Adrian Tolson, Senior Partner at 20|20 Marine Energy
Recent weeks have given rise to a surprising phenomenon in many of the world's major bunkering locations. As we rapidly approach the demise, or partial demise, of HSFO as bunkers, the HSFO bunker price is suddenly rising in value against both crude oil and against diesel prices.
Rotterdam saw 380cst move from 73% of the value of Brent in the first half of the 2018 to 80% in Q4 of 2018. Other ports saw even more extreme price rises, such as New York where we moved from 76% in the first half of 2018 to 87% in Q4.
What exactly was going on?
It all really comes down to the simple laws of supply and demand. HSFO suddenly became very scarce in the second half of 2018 driven by a unique (?) combination of factors.
Will this all continue in 2019? To a certain degree it likely will and this creates some interesting potential for profitable HSFO business
Firstly, some of the predicted reduction in HSFO production from existing refineries actually became reality and so a little less HSFO was on the market.
Secondly, inspired by a combination of OPEC cutbacks and Iranian sanctions we suddenly saw a increased need for HSFO in certain parts of the world. In particular, Saudi Arabia made the call to shift much of its significant power generation capacity from using its own crude oil to imported HSFO, creating an unexpected demand for HSFO.
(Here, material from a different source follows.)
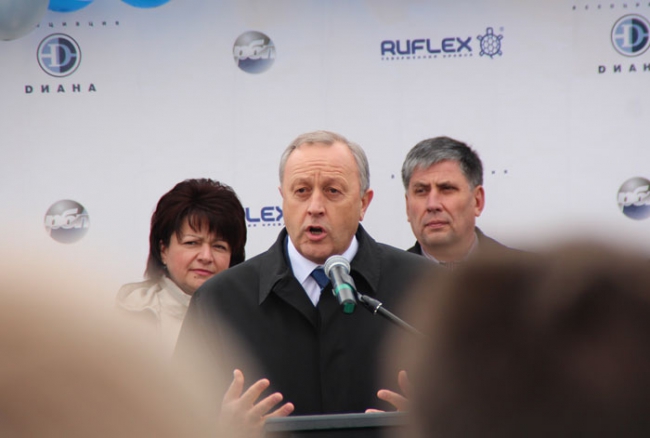 Валерий Радаев поприветствовал производство кровельной черепицы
Thirdly, and by no means least, we started to see the impact of many of the major traders of HSFO cargoes losing interest in trading HSFO as a commodity. Its not clear whether this was driven by consolidation of HSFO and Diesel trading books, poor financial performance in the first half of 2018 (and 2017), the impending IMO 2020 reduction in HSFO trading activity or a series of horrendous quality claims in the US Gulf area, but activity was down and HSFO liquidity suffered in the market. When oil is scarce prices go up and some of the regional issues in locations, like NY, where even more exaggerated.
Will this all continue in 2019? To a certain degree it likely will and this creates some interesting potential for profitable HSFO business as we start to feel the disruption of 2020. 2019 could be a good year for HSFO traders and suppliers?
What about the scrubber guys? Well, as HSFO rose, diesel and crude really did not, so this made scrubbed HSFO (using today's prices) less attractive as a fuel choice for 2020. But, no worries…HSFO will be very cheap by the end of this year and scrubber economics should be all good again!